What Do You See?
When you begin to pray, when you start to write, when you sit with the Word or lean into meditation—what do you see?
Not just what you think, but what you see.
Let your imagination walk into the scene.
Let’s take it to Scripture for a moment. Go with me to the manger. You’re standing there the night Jesus is born. You’ve stepped into that holy space. Now—what do you notice?
Look around.
What’s the light doing?
What do the walls smell like?
What is Mary whispering to Joseph?
What’s Joseph doing with his hands?
Because when we meditate on the Word, it’s not just about absorbing facts—it’s about entering the moment. It’s holy imagination. The kind that doesn’t just inform… it transforms.
I feel like I have done this all my life. I have many childhood memories stored in picturesque moments that caught my attention and became rich deposits in my memory bank.

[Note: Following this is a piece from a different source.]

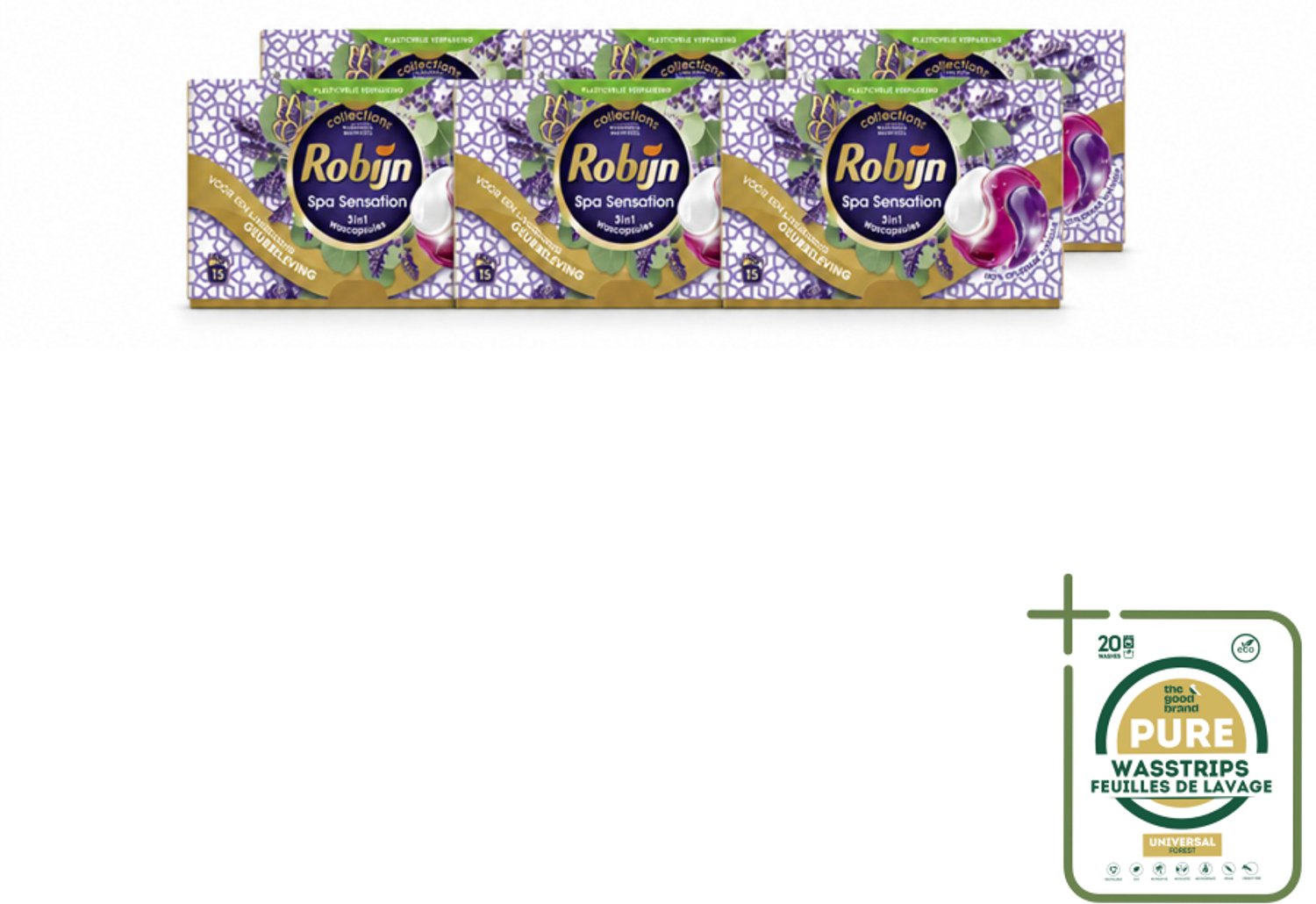 6 x Robijn - 3-in-1 Spa Sensation - Wascapsules - 15 Wasbeurten - Wasstrips - 3-in-1 Wascapsules - Wasmiddel Voor Gekleurde Was - Geur Voor Was - Wascapsules Spa Sensation - Biologisch Afbreekbare Wasmiddel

When I was 19, I did a 3-hour sit-down with my grandfather, who was well into his 90s and had been blind for at least ten years. I said, “Grandpa, I’m standing 50 yards out in front of the old homeplace in Cumberland County, Kentucky, I’m looking toward the log cabin where you were raised. From left to right—what am I seeing?”
And off he went.
He started slowly: “Well, over to the left is the old smokehouse. Just beside that is the woodpile. And then there’s the …” he continued like that, sweeping across the landscape with his words. He sometimes paused and introduced me to someone who stepped into his memory.
It took him fifteen or twenty minutes to describe the view from one side to the other. I didn’t mind. I wasn’t in a hurry. I wanted to see what he had seen and still saw.
I then asked him, “Grandpa, what was your first memory of a radio?”
He chuckled, “Oh, I remember it well. I was in Jake Sykes’ old grocery store…”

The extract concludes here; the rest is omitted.